::: Supplied data :::

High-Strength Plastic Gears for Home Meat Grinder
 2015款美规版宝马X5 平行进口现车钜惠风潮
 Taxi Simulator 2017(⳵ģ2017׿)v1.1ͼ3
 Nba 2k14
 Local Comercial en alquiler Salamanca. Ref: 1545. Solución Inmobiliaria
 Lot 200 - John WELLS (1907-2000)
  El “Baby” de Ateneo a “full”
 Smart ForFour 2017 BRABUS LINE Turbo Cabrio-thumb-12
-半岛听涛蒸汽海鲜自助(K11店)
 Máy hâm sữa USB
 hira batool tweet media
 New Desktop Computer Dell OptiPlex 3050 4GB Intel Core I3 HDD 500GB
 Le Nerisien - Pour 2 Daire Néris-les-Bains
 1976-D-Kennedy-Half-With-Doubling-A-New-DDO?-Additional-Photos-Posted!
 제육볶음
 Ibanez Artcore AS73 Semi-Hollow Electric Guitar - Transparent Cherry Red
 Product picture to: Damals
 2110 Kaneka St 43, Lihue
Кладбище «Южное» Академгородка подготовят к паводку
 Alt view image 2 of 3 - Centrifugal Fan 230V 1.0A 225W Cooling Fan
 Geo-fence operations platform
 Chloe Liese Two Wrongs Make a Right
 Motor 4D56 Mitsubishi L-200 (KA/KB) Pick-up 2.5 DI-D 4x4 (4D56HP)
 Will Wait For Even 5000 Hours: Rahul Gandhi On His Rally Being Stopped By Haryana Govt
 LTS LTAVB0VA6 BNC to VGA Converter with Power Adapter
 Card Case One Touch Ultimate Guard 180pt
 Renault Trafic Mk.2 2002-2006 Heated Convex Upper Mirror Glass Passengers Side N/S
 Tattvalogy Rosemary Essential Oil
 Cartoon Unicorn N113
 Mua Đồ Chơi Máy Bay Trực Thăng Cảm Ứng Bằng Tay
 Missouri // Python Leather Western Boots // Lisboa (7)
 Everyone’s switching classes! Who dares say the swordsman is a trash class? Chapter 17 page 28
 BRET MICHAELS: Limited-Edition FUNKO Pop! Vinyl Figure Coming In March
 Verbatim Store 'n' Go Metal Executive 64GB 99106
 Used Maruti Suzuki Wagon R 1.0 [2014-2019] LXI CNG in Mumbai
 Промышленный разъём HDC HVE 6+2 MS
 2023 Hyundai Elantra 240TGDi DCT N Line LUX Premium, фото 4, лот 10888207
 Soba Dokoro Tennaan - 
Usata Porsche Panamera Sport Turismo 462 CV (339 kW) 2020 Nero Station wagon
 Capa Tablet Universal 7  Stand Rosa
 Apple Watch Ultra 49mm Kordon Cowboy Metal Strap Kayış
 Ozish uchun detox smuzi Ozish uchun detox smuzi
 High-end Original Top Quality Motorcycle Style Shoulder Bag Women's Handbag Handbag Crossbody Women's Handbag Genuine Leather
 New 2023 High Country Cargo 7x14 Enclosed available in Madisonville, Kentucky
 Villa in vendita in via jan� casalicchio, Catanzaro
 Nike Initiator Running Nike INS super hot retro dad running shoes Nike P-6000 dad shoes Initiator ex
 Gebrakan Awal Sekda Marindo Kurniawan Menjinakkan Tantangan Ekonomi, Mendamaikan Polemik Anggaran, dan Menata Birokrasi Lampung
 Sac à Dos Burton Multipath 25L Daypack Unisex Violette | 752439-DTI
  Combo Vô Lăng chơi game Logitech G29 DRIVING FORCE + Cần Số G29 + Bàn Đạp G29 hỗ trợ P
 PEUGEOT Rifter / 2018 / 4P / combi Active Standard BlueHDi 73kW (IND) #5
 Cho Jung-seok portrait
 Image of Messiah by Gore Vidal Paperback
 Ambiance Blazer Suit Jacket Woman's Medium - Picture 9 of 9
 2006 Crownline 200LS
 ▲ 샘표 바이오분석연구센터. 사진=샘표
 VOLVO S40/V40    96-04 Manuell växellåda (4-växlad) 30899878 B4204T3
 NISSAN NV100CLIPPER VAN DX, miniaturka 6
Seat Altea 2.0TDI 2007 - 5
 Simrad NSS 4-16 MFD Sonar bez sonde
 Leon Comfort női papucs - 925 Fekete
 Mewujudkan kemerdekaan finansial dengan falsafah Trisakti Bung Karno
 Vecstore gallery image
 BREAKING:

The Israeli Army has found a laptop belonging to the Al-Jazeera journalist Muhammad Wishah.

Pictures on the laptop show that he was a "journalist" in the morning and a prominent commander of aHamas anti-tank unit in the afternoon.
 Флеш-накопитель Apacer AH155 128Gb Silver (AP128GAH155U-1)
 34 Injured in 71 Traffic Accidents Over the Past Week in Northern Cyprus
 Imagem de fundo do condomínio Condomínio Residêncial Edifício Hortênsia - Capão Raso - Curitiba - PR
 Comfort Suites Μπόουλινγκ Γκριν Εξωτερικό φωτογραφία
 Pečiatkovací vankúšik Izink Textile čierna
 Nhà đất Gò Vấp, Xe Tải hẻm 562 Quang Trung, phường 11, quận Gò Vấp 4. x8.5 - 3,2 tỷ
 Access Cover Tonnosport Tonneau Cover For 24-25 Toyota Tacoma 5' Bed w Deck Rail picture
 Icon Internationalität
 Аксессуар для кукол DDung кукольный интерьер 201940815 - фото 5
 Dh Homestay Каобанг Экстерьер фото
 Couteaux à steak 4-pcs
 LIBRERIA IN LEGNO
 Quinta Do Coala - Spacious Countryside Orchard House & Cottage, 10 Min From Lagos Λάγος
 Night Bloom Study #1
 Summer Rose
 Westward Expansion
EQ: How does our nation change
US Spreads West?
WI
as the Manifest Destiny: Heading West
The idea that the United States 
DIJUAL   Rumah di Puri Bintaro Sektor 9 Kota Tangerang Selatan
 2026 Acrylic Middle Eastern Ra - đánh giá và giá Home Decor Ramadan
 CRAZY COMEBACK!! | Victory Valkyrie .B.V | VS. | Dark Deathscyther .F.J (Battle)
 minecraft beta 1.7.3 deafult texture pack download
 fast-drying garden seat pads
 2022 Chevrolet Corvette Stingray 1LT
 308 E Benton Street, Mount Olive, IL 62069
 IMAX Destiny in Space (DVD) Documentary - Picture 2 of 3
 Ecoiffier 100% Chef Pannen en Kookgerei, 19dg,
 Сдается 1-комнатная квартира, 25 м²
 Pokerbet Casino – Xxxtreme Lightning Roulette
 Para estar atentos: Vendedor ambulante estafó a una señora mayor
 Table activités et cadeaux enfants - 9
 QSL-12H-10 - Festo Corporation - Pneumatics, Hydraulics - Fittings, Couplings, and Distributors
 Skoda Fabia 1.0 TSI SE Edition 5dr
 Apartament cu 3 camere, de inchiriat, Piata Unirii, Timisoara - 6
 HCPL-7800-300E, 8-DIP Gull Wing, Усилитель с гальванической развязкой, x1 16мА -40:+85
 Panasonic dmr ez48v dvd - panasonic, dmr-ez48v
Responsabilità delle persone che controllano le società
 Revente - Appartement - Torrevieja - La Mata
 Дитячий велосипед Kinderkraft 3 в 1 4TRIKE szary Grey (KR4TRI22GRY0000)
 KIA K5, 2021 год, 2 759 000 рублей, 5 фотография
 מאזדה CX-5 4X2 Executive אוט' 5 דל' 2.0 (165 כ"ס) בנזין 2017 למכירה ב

:::

The problem: The whole block of data above should be printed again verbatim.

Your response:
High-Strength Plastic Gears for Home Meat Grinder
 2015款美规版宝马X5 平行进口现车钜惠风潮
 Taxi Simulator 2017(⳵ģ2017׿)v1.1ͼ3
 Nba 2k14
 Local Comercial en alquiler Salamanca. Ref: 1545. Solución Inmobiliaria
 Lot 200 - John WELLS (1907-2000)
  El “Baby” de Ateneo a “full”
 Smart ForFour 2017 BRABUS LINE Turbo Cabrio-thumb-12
-半岛听涛蒸汽海鲜自助(K11店)
 Máy hâm sữa USB
 hira batool tweet media
 New Desktop Computer Dell OptiPlex 3050 4GB Intel Core I3 HDD 500GB
 Le Nerisien - Pour 2 Daire Néris-les-Bains
 1976-D-Kennedy-Half-With-Doubling-A-New-DDO?-Additional-Photos-Posted!
 제육볶음
 Ibanez Artcore AS73 Semi-Hollow Electric Guitar - Transparent Cherry Red
 Product picture to: Damals
 2110 Kaneka St 43, Lihue
Кладбище «Южное» Академгородка подготовят к паводку
 Alt view image 2 of 3 - Centrifugal Fan 230V 1.0A 225W Cooling Fan
 Geo-fence operations platform
 Chloe Liese Two Wrongs Make a Right
 Motor 4D56 Mitsubishi L-200 (KA/KB) Pick-up 2.5 DI-D 4x4 (4D56HP)
 Will Wait For Even 5000 Hours: Rahul Gandhi On His Rally Being Stopped By Haryana Govt
 LTS LTAVB0VA6 BNC to VGA Converter with Power Adapter
 Card Case One Touch Ultimate Guard 180pt
 Renault Trafic Mk.2 2002-2006 Heated Convex Upper Mirror Glass Passengers Side N/S
 Tattvalogy Rosemary Essential Oil
 Cartoon Unicorn N113
 Mua Đồ Chơi Máy Bay Trực Thăng Cảm Ứng Bằng Tay
 Missouri // Python Leather Western Boots // Lisboa (7)
 Everyone’s switching classes! Who dares say the swordsman is a trash class? Chapter 17 page 28
 BRET MICHAELS: Limited-Edition FUNKO Pop! Vinyl Figure Coming In March
 Verbatim Store 'n' Go Metal Executive 64GB 99106
 Used Maruti Suzuki Wagon R 1.0 [2014-2019] LXI CNG in Mumbai
 Промышленный разъём HDC HVE 6+2 MS
 2023 Hyundai Elantra 240TGDi DCT N Line LUX Premium, фото 4, лот 10888207
 Soba Dokoro Tennaan - 
Usata Porsche Panamera Sport Turismo 462 CV (339 kW) 2020 Nero Station wagon
 Capa Tablet Universal 7  Stand Rosa
 Apple Watch Ultra 49mm Kordon Cowboy Metal Strap Kayış
 Ozish uchun detox smuzi Ozish uchun detox smuzi
 High-end Original Top Quality Motorcycle Style Shoulder Bag Women's Handbag Handbag Crossbody Women's Handbag Genuine Leather
 New 2023 High Country Cargo 7x14 Enclosed available in Madisonville, Kentucky
 Villa in vendita in via jan� casalicchio, Catanzaro
 Nike Initiator Running Nike INS super hot retro dad running shoes Nike P-6000 dad shoes Initiator ex
 Gebrakan Awal Sekda Marindo Kurniawan Menjinakkan Tantangan Ekonomi, Mendamaikan Polemik Anggaran, dan Menata Birokrasi Lampung
 Sac à Dos Burton Multipath 25L Daypack Unisex Violette | 752439-DTI
  Combo Vô Lăng chơi game Logitech G29 DRIVING FORCE + Cần Số G29 + Bàn Đạp G29 hỗ trợ P
 PEUGEOT Rifter / 2018 / 4P / combi Active Standard BlueHDi 73kW (IND) #5
 Cho Jung-seok portrait
 Image of Messiah by Gore Vidal Paperback
 Ambiance Blazer Suit Jacket Woman's Medium - Picture 9 of 9
 2006 Crownline 200LS
 ▲ 샘표 바이오분석연구센터. 사진=샘표
 VOLVO S40/V40    96-04 Manuell växellåda (4-växlad) 30899878 B4204T3
 NISSAN NV100CLIPPER VAN DX, miniaturka 6
Seat Altea 2.0TDI 2007 - 5
 Simrad NSS 4-16 MFD Sonar bez sonde
 Leon Comfort női papucs - 925 Fekete
 Mewujudkan kemerdekaan finansial dengan falsafah Trisakti Bung Karno
 Vecstore gallery image
 BREAKING:

The Israeli Army has found a laptop belonging to the Al-Jazeera journalist Muhammad Wishah.

Pictures on the laptop show that he was a "journalist" in the morning and a prominent commander of aHamas anti-tank unit in the afternoon.
 Флеш-накопитель Apacer AH155 128Gb Silver (AP128GAH155U-1)
 34 Injured in 71 Traffic Accidents Over the Past Week in Northern Cyprus
 Imagem de fundo do condomínio Condomínio Residêncial Edifício Hortênsia - Capão Raso - Curitiba - PR
 Comfort Suites Μπόουλινγκ Γκριν Εξωτερικό φωτογραφία
 Pečiatkovací vankúšik Izink Textile čierna
 Nhà đất Gò Vấp, Xe Tải hẻm 562 Quang Trung, phường 11, quận Gò Vấp 4. x8.5 - 3,2 tỷ
 Access Cover Tonnosport Tonneau Cover For 24-25 Toyota Tacoma 5' Bed w Deck Rail picture
 Icon Internationalität
 Аксессуар для кукол DDung кукольный интерьер 201940815 - фото 5
 Dh Homestay Каобанг Экстерьер фото
 Couteaux à steak 4-pcs
 LIBRERIA IN LEGNO
 Quinta Do Coala - Spacious Countryside Orchard House & Cottage, 10 Min From Lagos Λάγος
 Night Bloom Study #1
 Summer Rose
 Westward Expansion
EQ: How does our nation change
US Spreads West?
WI
as the Manifest Destiny: Heading West
The idea that the United States 
DIJUAL   Rumah di Puri Bintaro Sektor 9 Kota Tangerang Selatan
 2026 Acrylic Middle Eastern Ra - đánh giá và giá Home Decor Ramadan
 CRAZY COMEBACK!! | Victory Valkyrie .B.V | VS. | Dark Deathscyther .F.J (Battle)
 minecraft beta 1.7.3 deafult texture pack download
 fast-drying garden seat pads
 2022 Chevrolet Corvette Stingray 1LT
 308 E Benton Street, Mount Olive, IL 62069
 IMAX Destiny in Space (DVD) Documentary - Picture 2 of 3
 Ecoiffier 100% Chef Pannen en Kookgerei, 19dg,
 Сдается 1-комнатная квартира, 25 м²
 Pokerbet Casino – Xxxtreme Lightning Roulette
 Para estar atentos: Vendedor ambulante estafó a una señora mayor
 Table activités et cadeaux enfants - 9
 QSL-12H-10 - Festo Corporation - Pneumatics, Hydraulics - Fittings, Couplings, and Distributors
 Skoda Fabia 1.0 TSI SE Edition 5dr
 Apartament cu 3 camere, de inchiriat, Piata Unirii, Timisoara - 6
 HCPL-7800-300E, 8-DIP Gull Wing, Усилитель с гальванической развязкой, x1 16мА -40:+85
 Panasonic dmr ez48v dvd - panasonic, dmr-ez48v
Responsabilità delle persone che controllano le società
 Revente - Appartement - Torrevieja - La Mata
 Дитячий велосипед Kinderkraft 3 в 1 4TRIKE szary Grey (KR4TRI22GRY0000)
 KIA K5, 2021 год, 2 759 000 рублей, 5 фотография
 מאזדה CX-5 4X2 Executive אוט' 5 דל' 2.0 (165 כ"ס) בנזין 2017 למכירה ב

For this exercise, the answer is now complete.